Now the world champions are just one match away from becoming the first country to successfully defend a competition that brought the best eight countries to South Africa for a mini-World Cup.
Pakistan, beaten by a last-ball Aussie bye in the group stage, are favoured to defeat New Zealand at the Wanderers in the other semi-final later Saturday and set up a potentially fascinating climax.
"I told my boys to take nothing for granted against England - to respect every ball. We were pretty good and very good with the bat," Ponting told reporters.

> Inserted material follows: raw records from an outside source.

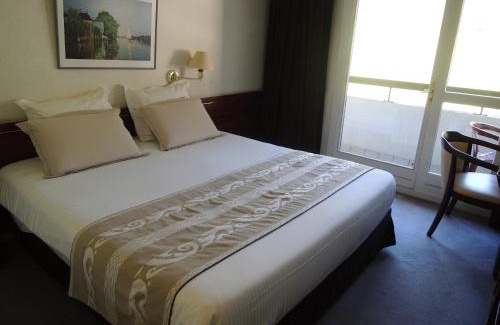 Cluses Hôtel | Hôtel 4C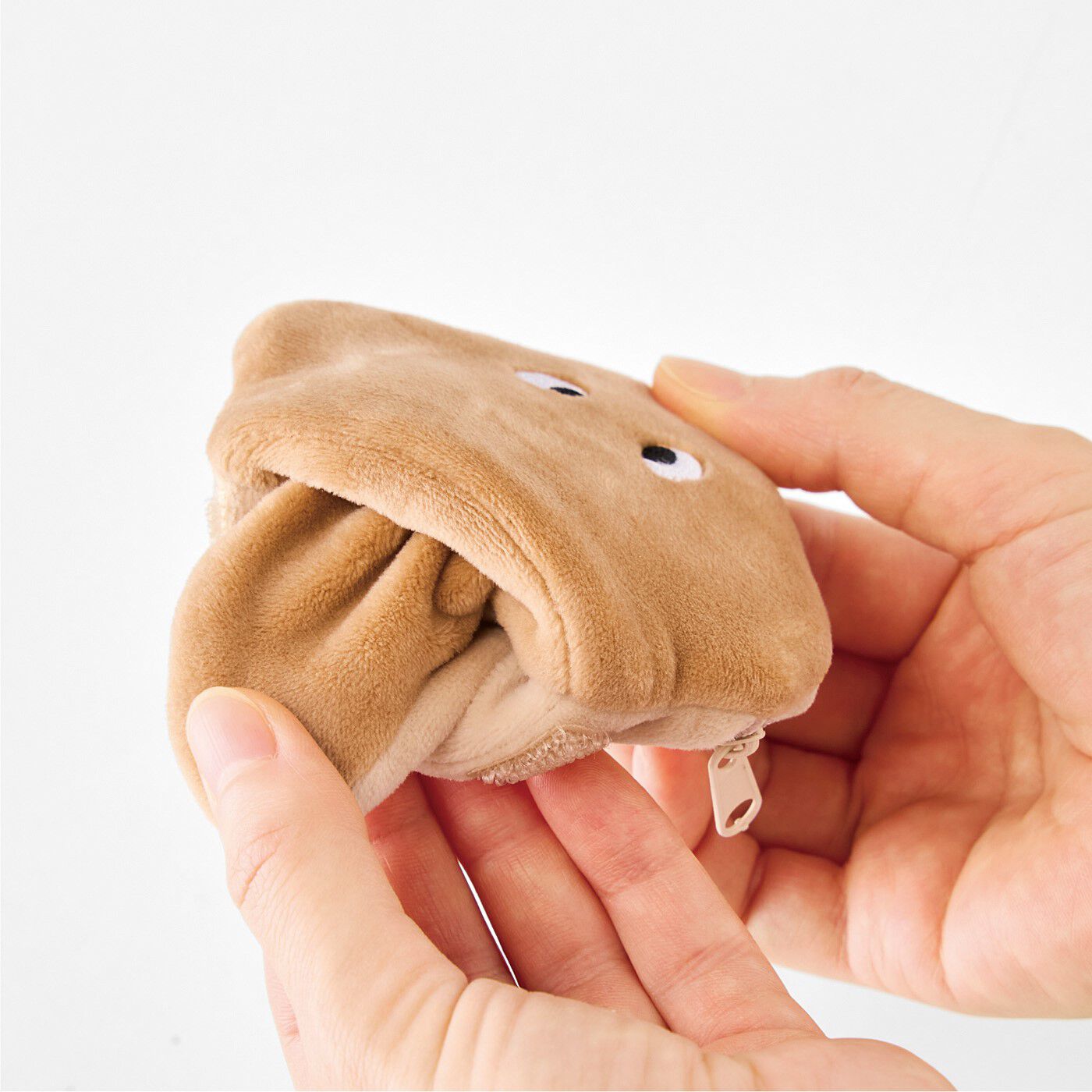 フェリシモギフトショップ|YOU＋MORE!　３つに分裂　プラナリアの再生ポーチ|断面から生地を引っぱり出すと、頭やしっぽが現れます。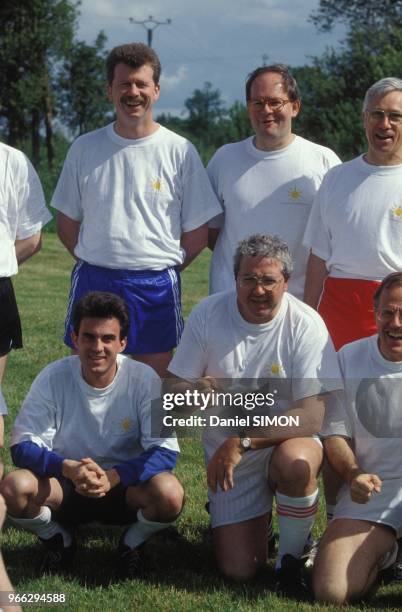 Tournoi de foot des anciens du cabinet - surnomme Cabaroc - de Michel Rocard avec Yves Colmou debout derriere Jean-Paul Huchon - accroupi au centre -...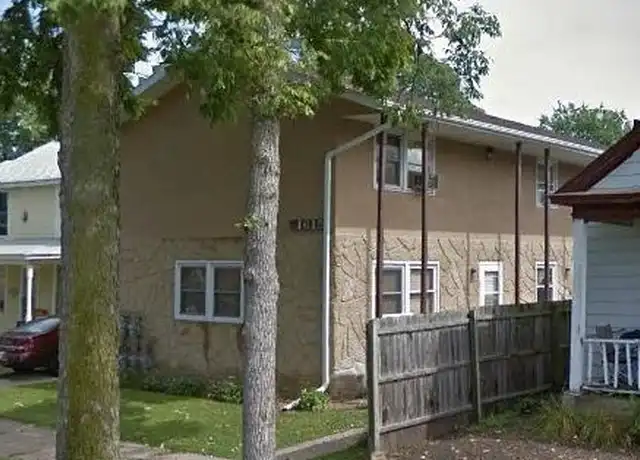 Property at 1615 10th St Unit 1, La Crosse, WI, 54601, 2 beds, 1 bath, [object Object]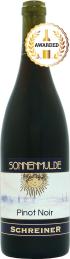 Eine Flasche Pinot Noir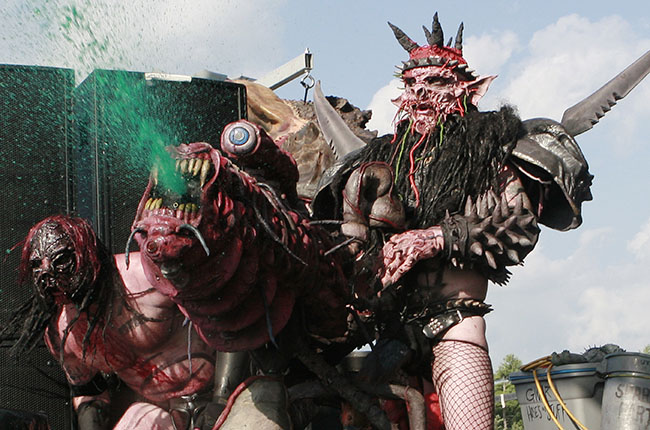 gwar-oderus-performs-billboard-1-650.jpg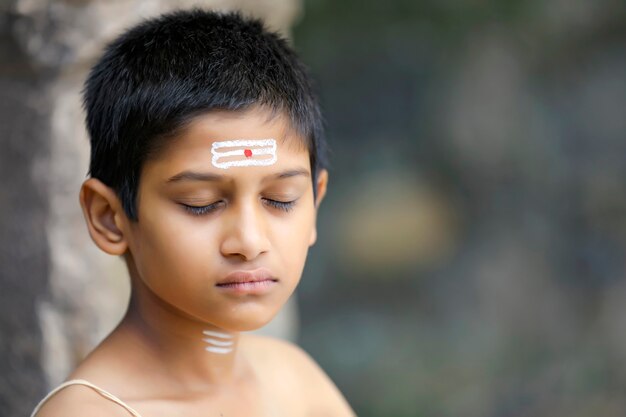 瞑想をしているインドの僧侶の子供 プレミアム写真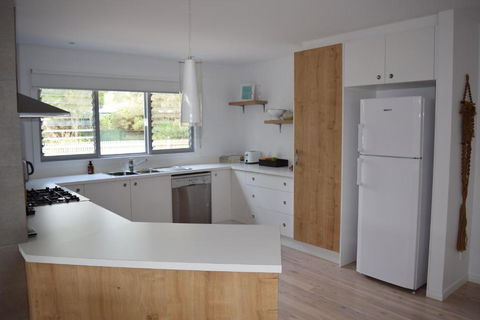 Tamara Beach House - Accommodation Asia 6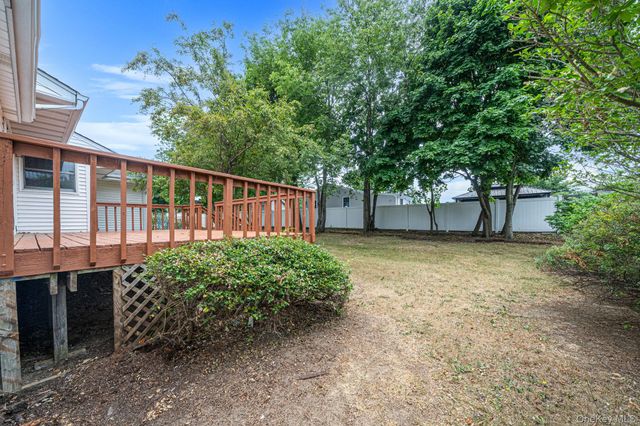 40 Cypress Street, Central Islip, NY 11722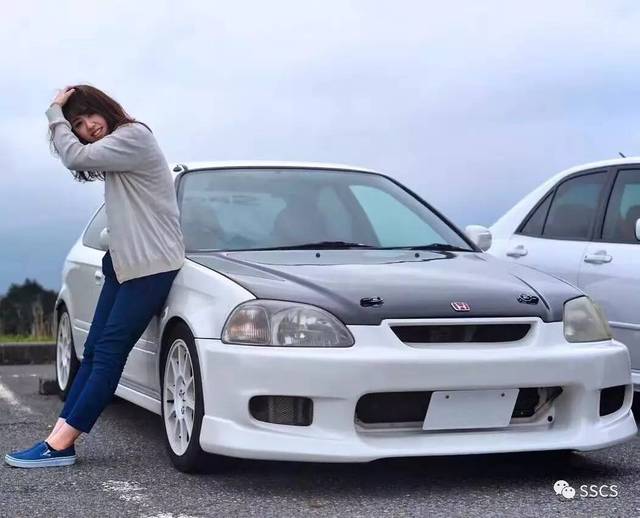 这日本邻家小妹开的是本田思域type-r!ek9!想泡她你得开啥车?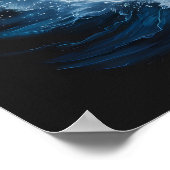 下威厳のあるの魚の上に舞うワシ ポスター (角)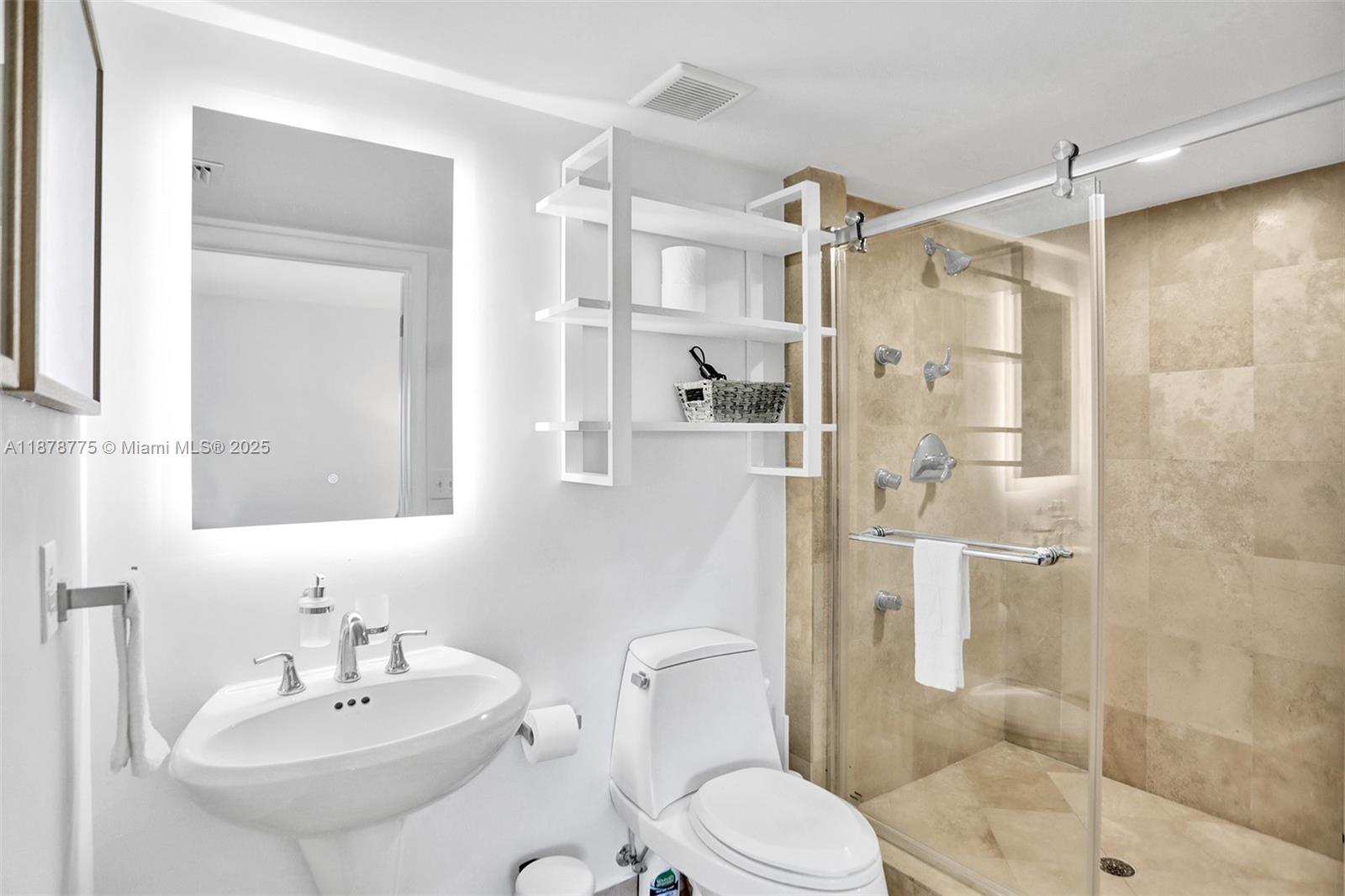 360 Collins Ave 401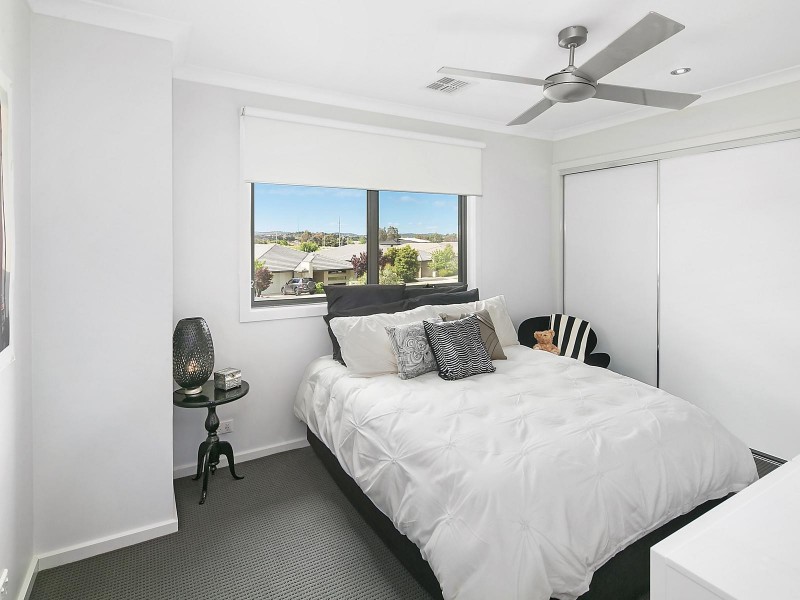 60 Galore Street, Crace ACT 2911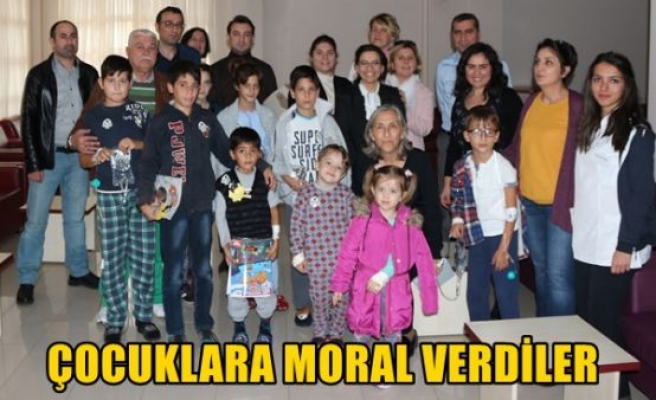 Çocuklara moral verdiler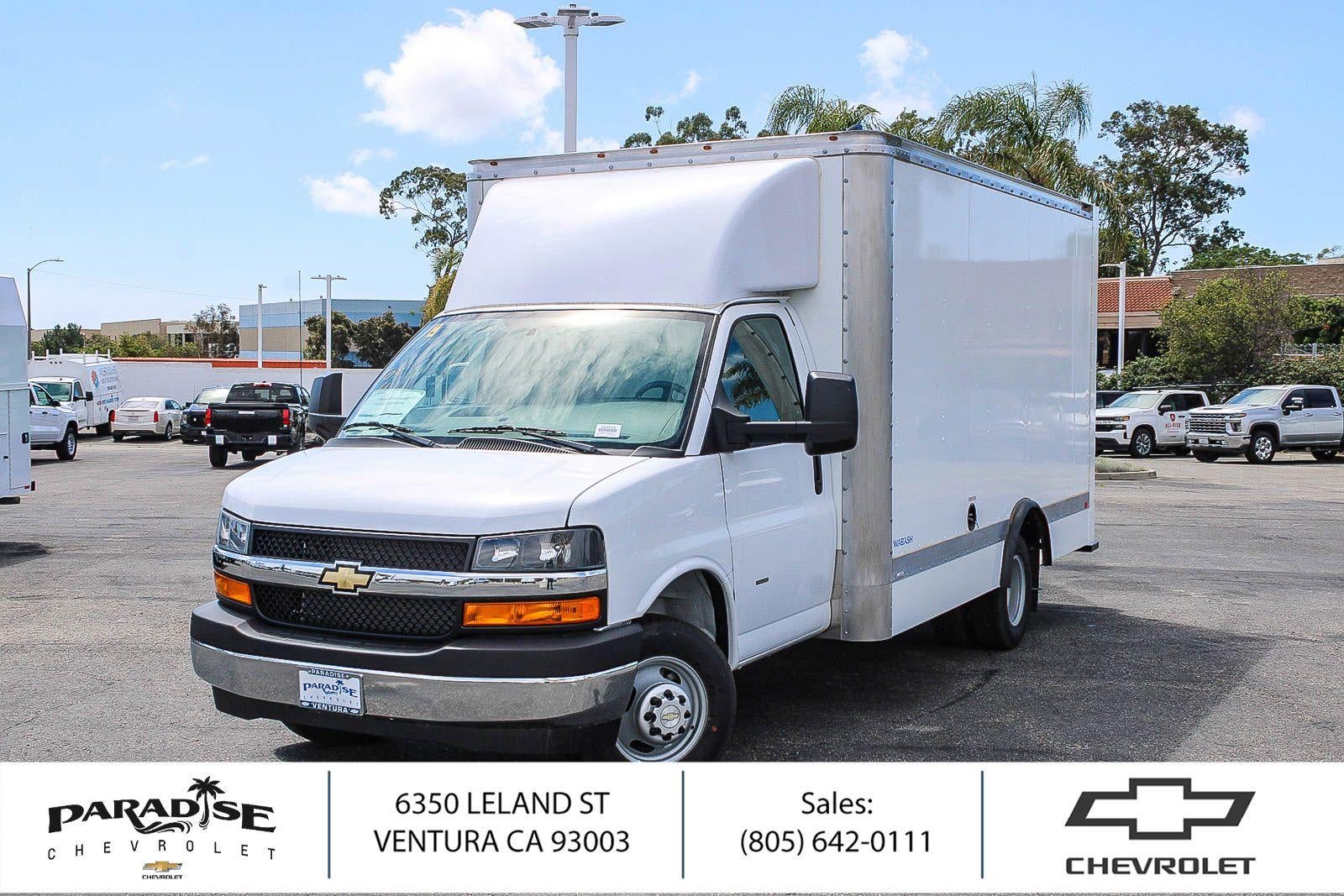 Summit White 2026 Chevrolet Express Chassis Van Rear-Wheel Drive Automatic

"We were really looking forward to this game because playing in the big ones is what it is all about. We stood up and got the job done and now we look forward to getting our heads together before the final."
Tasmanian Ponting always seems uncomfortable when his personal achievements are raised and it was no different in Centurion after being quizzed about his latest milestone.


When one of the great skippers struck a boundary by pulling Graham Onions to deep square, he became only the third batsman after Sachin Tendulkar of India and Sanath Jayasuriya of Sri Lanka to amass 12,000 ODI runs.
"It is a nice achievement, but I had no idea before the game how many runs I had scored. I hit runs for my country and when my career is over I can reflect on the successes," he said.


Ponting preferred to laud Watson, who began the Champions Trophy with ducks against the West Indies and India, before getting into the groove by scoring 24 off the Pakistani bowlers.
"Shane has been through a lean patch but is peaking at the right time. He and I went through a few critical overs before the runs started to flow," admitted Ponting of the star who also snapped up two wickets.


England skipper Andrew Strauss offered no excuses despite the absence of injured bowler Stuart Broad, who took 10 wickets in three group games, and virus-struck wicketkeeper Matt Prior.
"This was a thoroughly professional job from Australia. Shane and Ricky battled magnificently well after we fell about 40 runs short of the total needed to be competitive on that track," he confessed.